===== RECORDS FOR THIS TASK
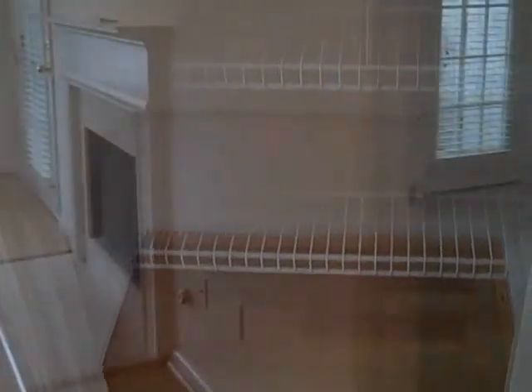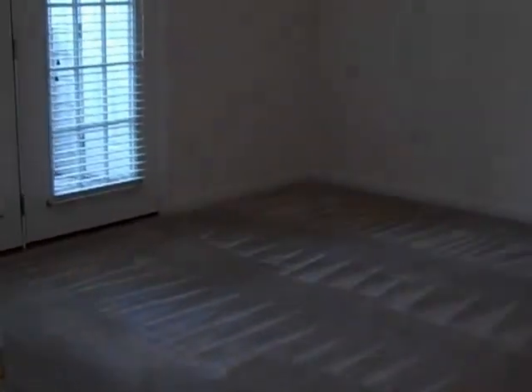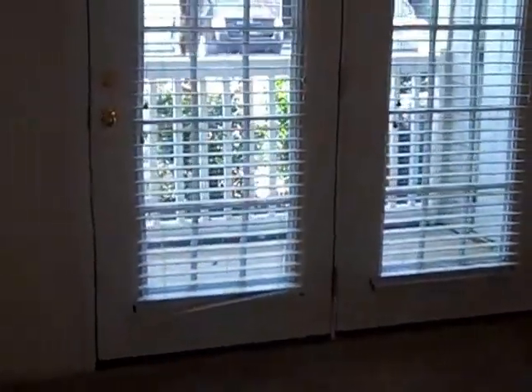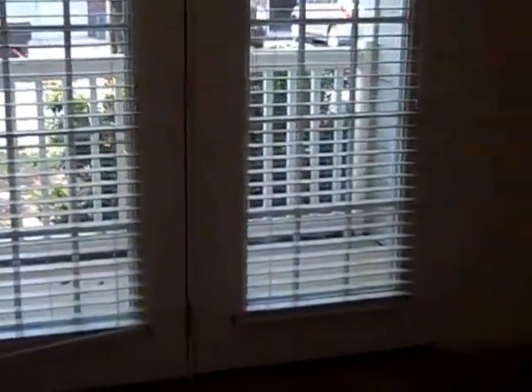There's plenty of room for everything in this pantry. Let's go on into the master bedroom, which has double French doors also leading out to the front porch.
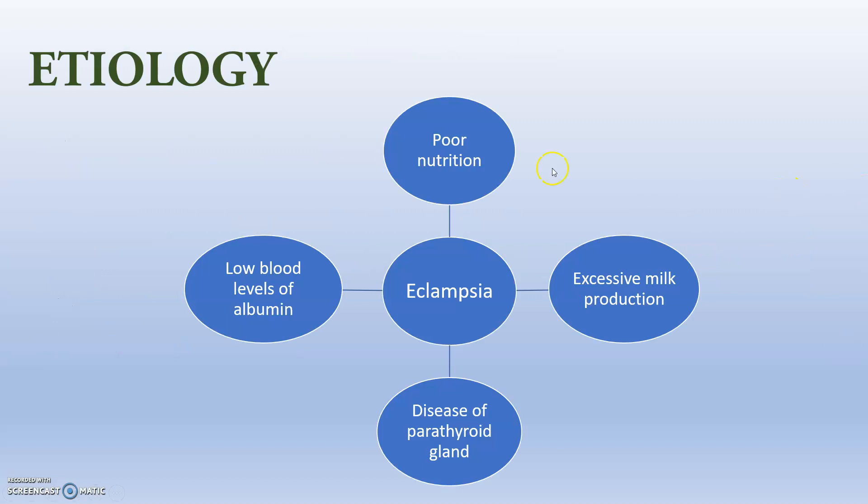The etiology can be many things: poor nutrition, low blood levels of albumin, disease of parathyroid gland, and excessive milk production. These four things can produce eclampsia, or in a severe condition any one of these four can cause eclampsia.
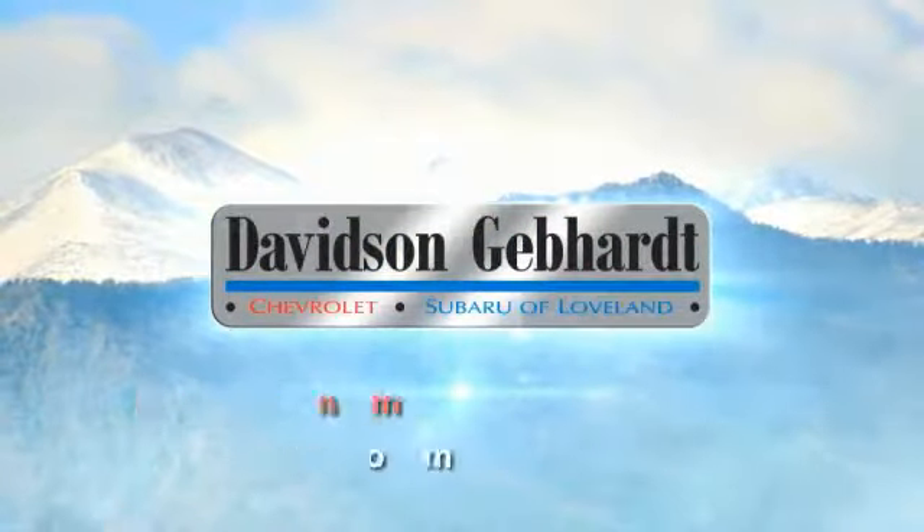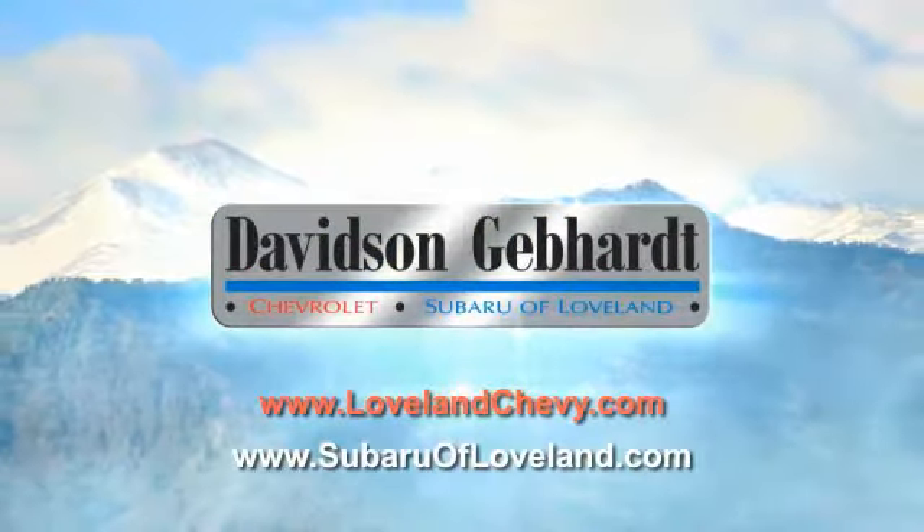Davidson Gebhardt Chevrolet and Subaru of Loveland are conveniently located right on I-25 and exit 259 in Loveland.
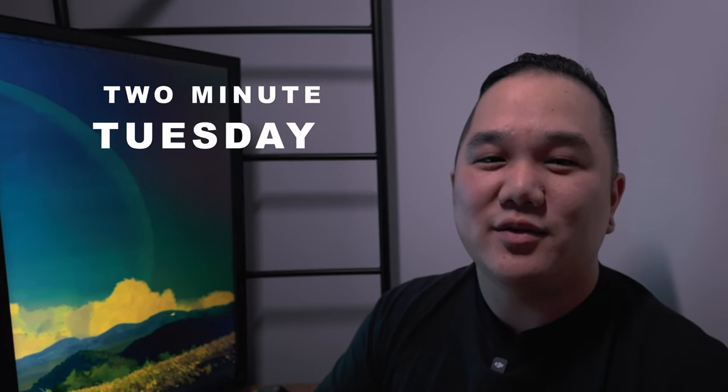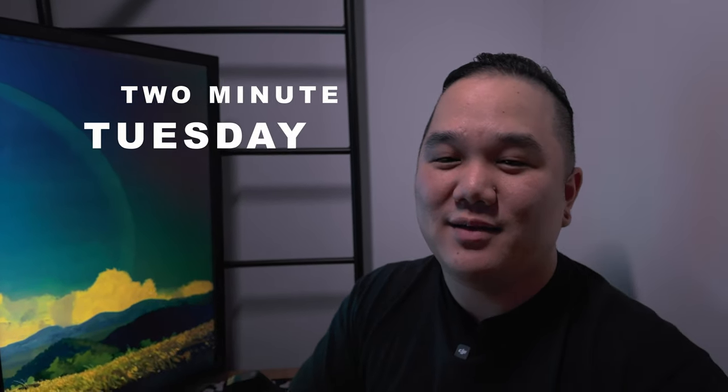Two Minute Tuesday. Hey, what's going on? Hope you're doing all right. My name's Matt, this is Dwight Creatives, and it's time for Two Minute Tuesday. So let's put two minutes on that clock.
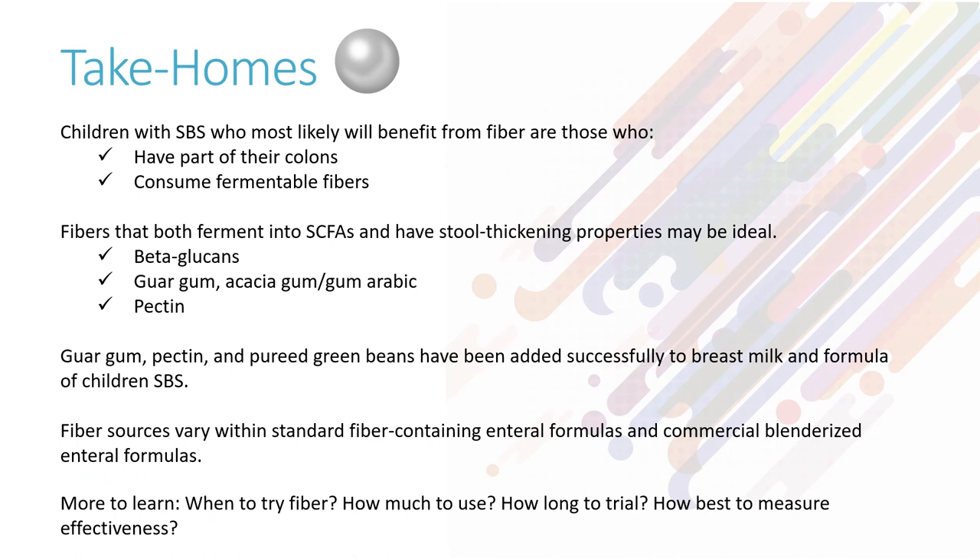Here are the key take-home points or pearls on this topic. There is much more to learn. Thank you for your participation in this NASBIGAN Nutrition Pearl on fiber and short bowel syndrome.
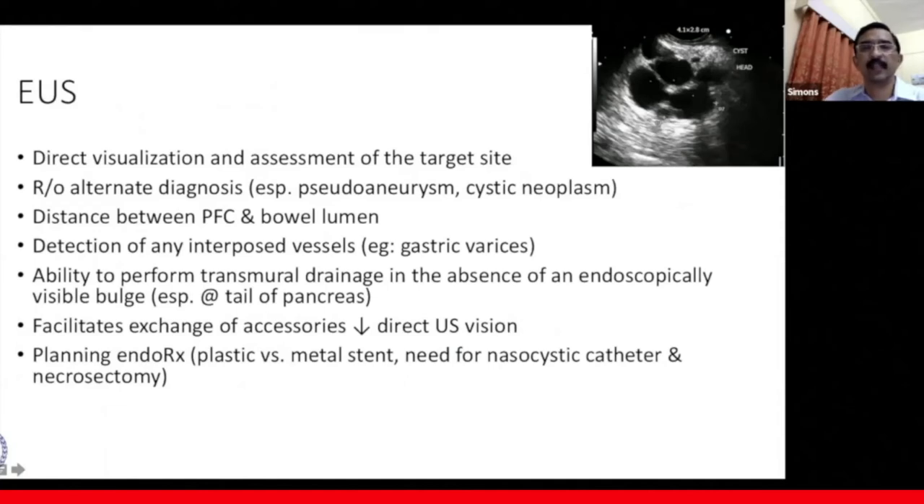EUS helps in direct visualization and assessment of the target site. It helps to rule out alternate diagnoses, especially pseudoaneurysms and cystic neoplasms. In a pseudoaneurysm, we might see blood inside with a vessel in close proximity feeding it. In a cystic neoplasm, we look for septations, mural nodules, and connection to the pancreatic duct. EUS helps in assessing the distance between the collection and the gastric lumen, which should be less than one centimeter, and helps to detect intervening vessels such as gastric varices. It facilitates transmural drainage in the absence of a visible bulge, especially in tail collections, and helps plan the type of endotherapy — metal or plastic stent, number of plastic stents, need for nasocystic catheter placement, and need for endoscopic necrosectomy.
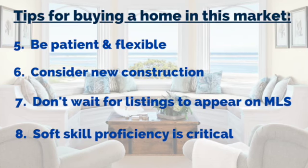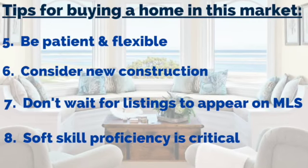And number eight — I know this sounds crazy — but there are so many offers coming in, and many of them are so similar, that the tipping point is the agent who's presenting the offer. So hire an agent who has soft skill proficiency. It is making a difference.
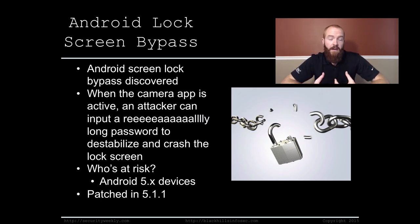This would mean that an attacker could gain access to the operating system itself without entering a valid password. Essentially, what they found was that when the camera app is on — which is easily accessible on every Android device by default — an attacker can try to access settings through the camera. That prompts a password entry, and if you entered a really long password, you could crash the lock screen itself, giving you full access to the Android operating system.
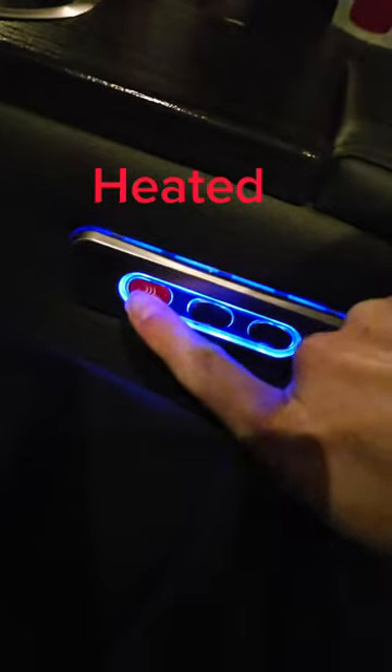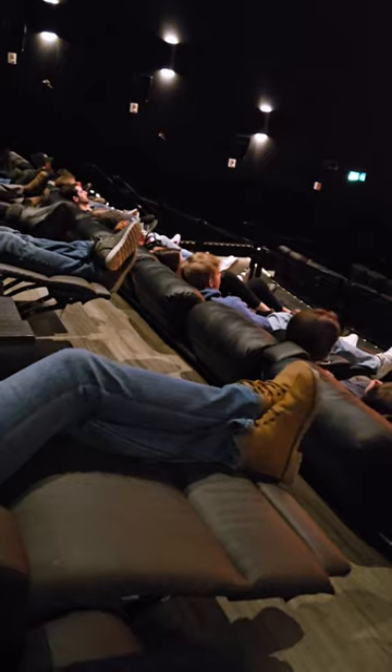Here at Landmark Cinema, the luxurious experience includes heated seats with an adjustable leg rest and a retractable armrest. There's a handy side table to place your drinks and treats, plus jacket hooks and a storage area.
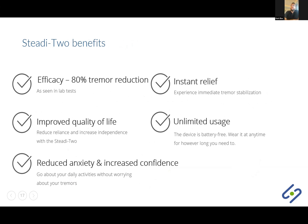Let's discuss the benefits you can expect while using the device. We've seen an 80% reduction in tremor measured in our lab. With the Study Two, you can expect instant and unlimited tremor relief, as it works instantly and for however long you need — it's a battery-free device requiring no charging. You can also expect increased independence and improved quality of life, as our beta users experienced measurable improvements in those areas. It really comes down to being able to conduct activities without worrying about the tremor, which brings reduced anxiety and increased confidence.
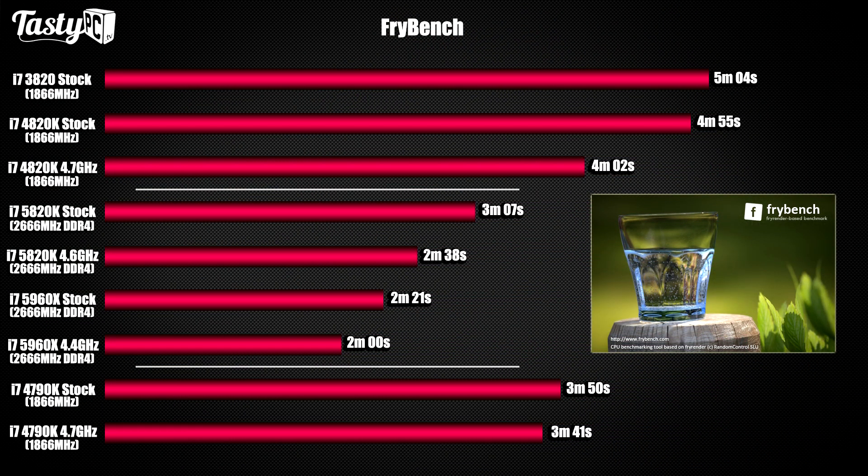Moving away from gaming benchmarks, we've got FryRender. I really love this test — it's quick to run and shows CPU rendering performance, which as a content creator is very important to me. The 5960X overclocked at 4.4GHz completed the test in two minutes, which I think is pretty epic. I was also surprised by how well the 5820K did, especially since it'll probably be around £300 in the UK. I'll probably pick one up for my own rig when I have to send these Haswell-E processors back, since I won't need to splash out on a full memory and X99 board setup. Post your FryRender scores and rig specs in the comments so I can compare!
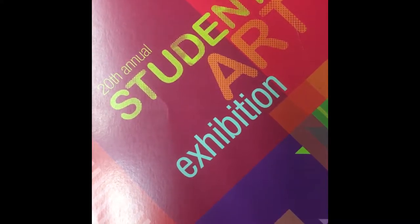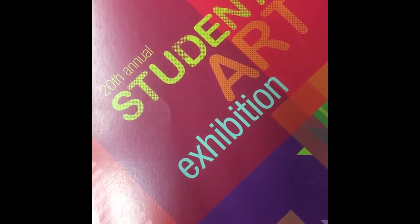The College of the Canyons Art Gallery is presenting the 20th Annual Student Art Exhibition. The show we have up now is our annual student show, and this is the 20th Annual Student Exhibition. They always take place at the end of the spring semester.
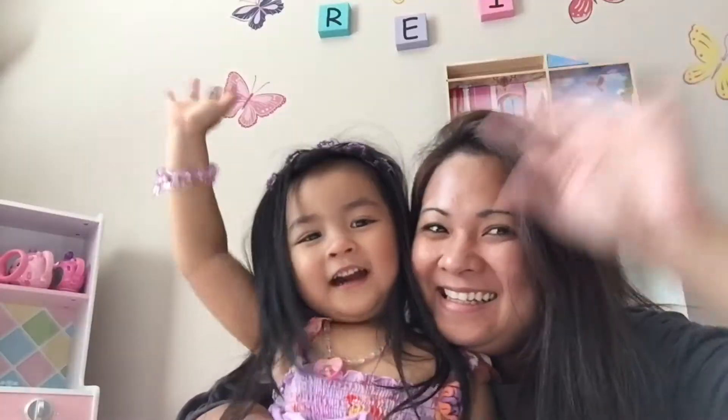Mommy, where's Audrey? Welcome to Audrey's history room.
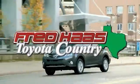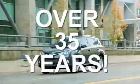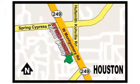Fred Haas, proudly serving our community for more than 35 years. Fred Haas Toyota Country — Highway 249 in Spring Cypress, just two miles north of Willowbrook Mall.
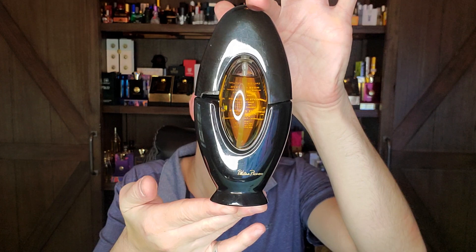Number 35 is Paloma Picasso, which came out in 1984. It's a spicy floral chypre with a honeyed woody dry down and oakmoss in the base. This is a tester bottle I found from 2007, and I'm wondering if I went back even further — to the eighties or nineties — if I would have liked it even more.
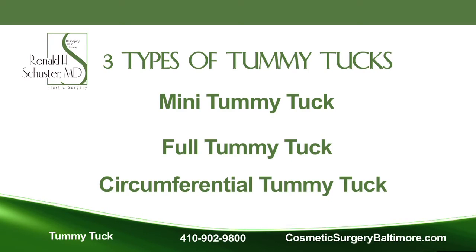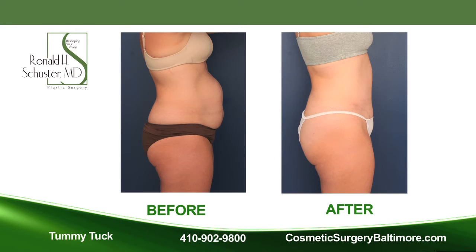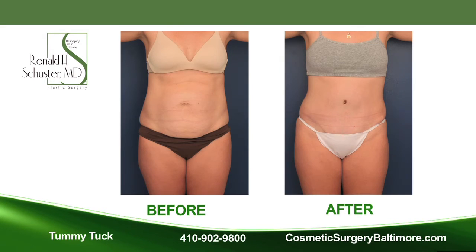There are several different types of tummy tucks: mini tummy tucks, full tummy tucks, and circumferential tummy tucks. All of these tummy tucks will include liposuction to remove fat, tightening up the tummy muscles that have been weakened, and also removal of excess skin.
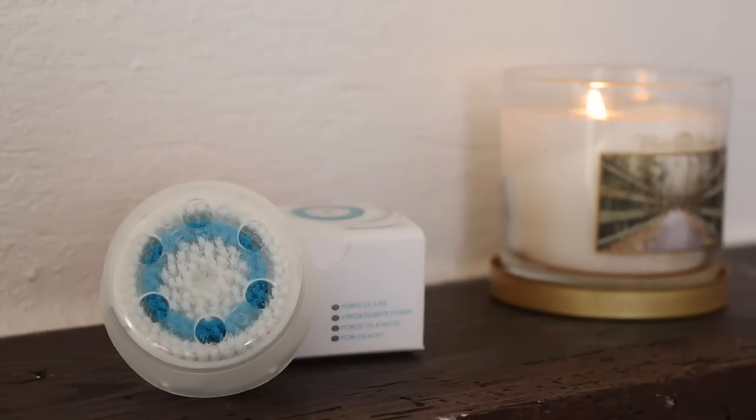I'm going to start with SpaceNK since that's what I ordered first. The first thing I got is not actually a makeup product — it's a new head for my Clarisonic. My old one I've had for over a year, which is kind of gross, so I've tended not to use it. You're supposed to change it out every six months or so. This is the deep pore brush head. I have a bit of sensitive skin so it might not work for me, but I'm excited to try it out.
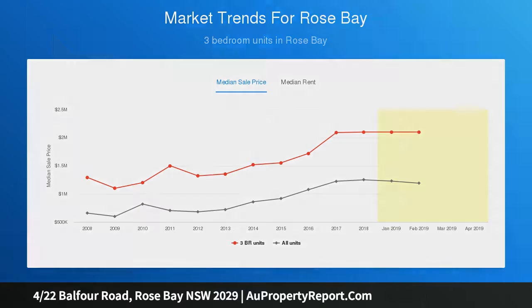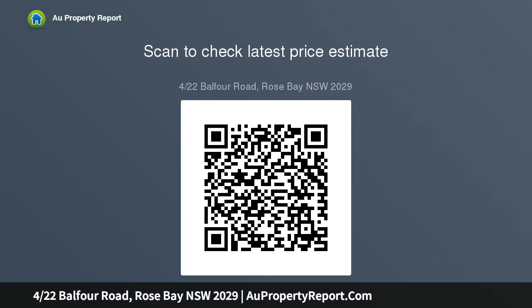Two quiet bedrooms — the master is graced with built-in wardrobes. Monochromatic finishes and a combined bath and shower bathroom complete the space. Secure intercom entry with access through a well-preserved foyer. Coveted off-street parking is provided within a private car space, and the property is less than a 1 km stroll to local amenities.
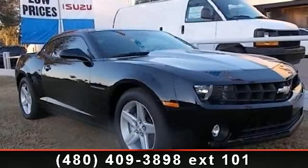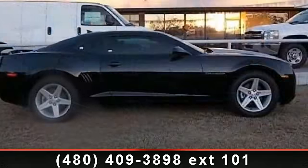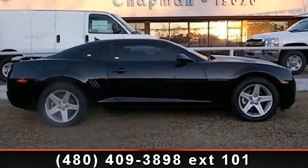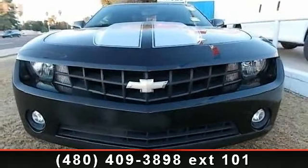Step into the 2010 Chevrolet Camaro 1LT if you are looking for an automobile with great features, look no further. This vehicle comes with a reliable six-cylinder engine, connected to a smooth-shifting automatic transmission.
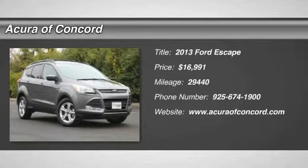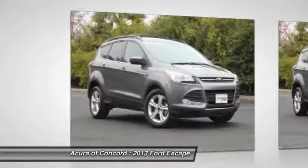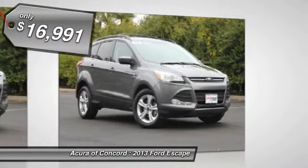The 2013 Escape — gas engines flex, tow, sip, and go with Ford Escape, and is priced below $20,000.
==========
§ EXERCISE AIM
Pictures in the data above should not be copied; transcribe everything else exactly.

§ REPLY TO THE TASK
There's plenty of room for everything in this pantry. Let's go on into the master bedroom, which has double French doors also leading out to the front porch.
The etiology can be many things: poor nutrition, low blood levels of albumin, disease of parathyroid gland, and excessive milk production. These four things can produce eclampsia, or in a severe condition any one of these four can cause eclampsia.
Davidson Gebhardt Chevrolet and Subaru of Loveland are conveniently located right on I-25 and exit 259 in Loveland.
Two Minute Tuesday. Hey, what's going on? Hope you're doing all right. My name's Matt, this is Dwight Creatives, and it's time for Two Minute Tuesday. So let's put two minutes on that clock.
Here are the key take-home points or pearls on this topic. There is much more to learn. Thank you for your participation in this NASBIGAN Nutrition Pearl on fiber and short bowel syndrome.
EUS helps in direct visualization and assessment of the target site. It helps to rule out alternate diagnoses, especially pseudoaneurysms and cystic neoplasms. In a pseudoaneurysm, we might see blood inside with a vessel in close proximity feeding it. In a cystic neoplasm, we look for septations, mural nodules, and connection to the pancreatic duct. EUS helps in assessing the distance between the collection and the gastric lumen, which should be less than one centimeter, and helps to detect intervening vessels such as gastric varices. It facilitates transmural drainage in the absence of a visible bulge, especially in tail collections, and helps plan the type of endotherapy — metal or plastic stent, number of plastic stents, need for nasocystic catheter placement, and need for endoscopic necrosectomy.
And number eight — I know this sounds crazy — but there are so many offers coming in, and many of them are so similar, that the tipping point is the agent who's presenting the offer. So hire an agent who has soft skill proficiency. It is making a difference.
This would mean that an attacker could gain access to the operating system itself without entering a valid password. Essentially, what they found was that when the camera app is on — which is easily accessible on every Android device by default — an attacker can try to access settings through the camera. That prompts a password entry, and if you entered a really long password, you could crash the lock screen itself, giving you full access to the Android operating system.
Here at Landmark Cinema, the luxurious experience includes heated seats with an adjustable leg rest and a retractable armrest. There's a handy side table to place your drinks and treats, plus jacket hooks and a storage area.
Let's discuss the benefits you can expect while using the device. We've seen an 80% reduction in tremor measured in our lab. With the Study Two, you can expect instant and unlimited tremor relief, as it works instantly and for however long you need — it's a battery-free device requiring no charging. You can also expect increased independence and improved quality of life, as our beta users experienced measurable improvements in those areas. It really comes down to being able to conduct activities without worrying about the tremor, which brings reduced anxiety and increased confidence.
Moving away from gaming benchmarks, we've got FryRender. I really love this test — it's quick to run and shows CPU rendering performance, which as a content creator is very important to me. The 5960X overclocked at 4.4GHz completed the test in two minutes, which I think is pretty epic. I was also surprised by how well the 5820K did, especially since it'll probably be around £300 in the UK. I'll probably pick one up for my own rig when I have to send these Haswell-E processors back, since I won't need to splash out on a full memory and X99 board setup. Post your FryRender scores and rig specs in the comments so I can compare!
The College of the Canyons Art Gallery is presenting the 20th Annual Student Art Exhibition. The show we have up now is our annual student show, and this is the 20th Annual Student Exhibition. They always take place at the end of the spring semester.
Mommy, where's Audrey? Welcome to Audrey's history room.
Fred Haas, proudly serving our community for more than 35 years. Fred Haas Toyota Country — Highway 249 in Spring Cypress, just two miles north of Willowbrook Mall.
Number 35 is Paloma Picasso, which came out in 1984. It's a spicy floral chypre with a honeyed woody dry down and oakmoss in the base. This is a tester bottle I found from 2007, and I'm wondering if I went back even further — to the eighties or nineties — if I would have liked it even more.
There are several different types of tummy tucks: mini tummy tucks, full tummy tucks, and circumferential tummy tucks. All of these tummy tucks will include liposuction to remove fat, tightening up the tummy muscles that have been weakened, and also removal of excess skin.
I'm going to start with SpaceNK since that's what I ordered first. The first thing I got is not actually a makeup product — it's a new head for my Clarisonic. My old one I've had for over a year, which is kind of gross, so I've tended not to use it. You're supposed to change it out every six months or so. This is the deep pore brush head. I have a bit of sensitive skin so it might not work for me, but I'm excited to try it out.
Two quiet bedrooms — the master is graced with built-in wardrobes. Monochromatic finishes and a combined bath and shower bathroom complete the space. Secure intercom entry with access through a well-preserved foyer. Coveted off-street parking is provided within a private car space, and the property is less than a 1 km stroll to local amenities.
Step into the 2010 Chevrolet Camaro 1LT if you are looking for an automobile with great features, look no further. This vehicle comes with a reliable six-cylinder engine, connected to a smooth-shifting automatic transmission.
The 2013 Escape — gas engines flex, tow, sip, and go with Ford Escape, and is priced below $20,000.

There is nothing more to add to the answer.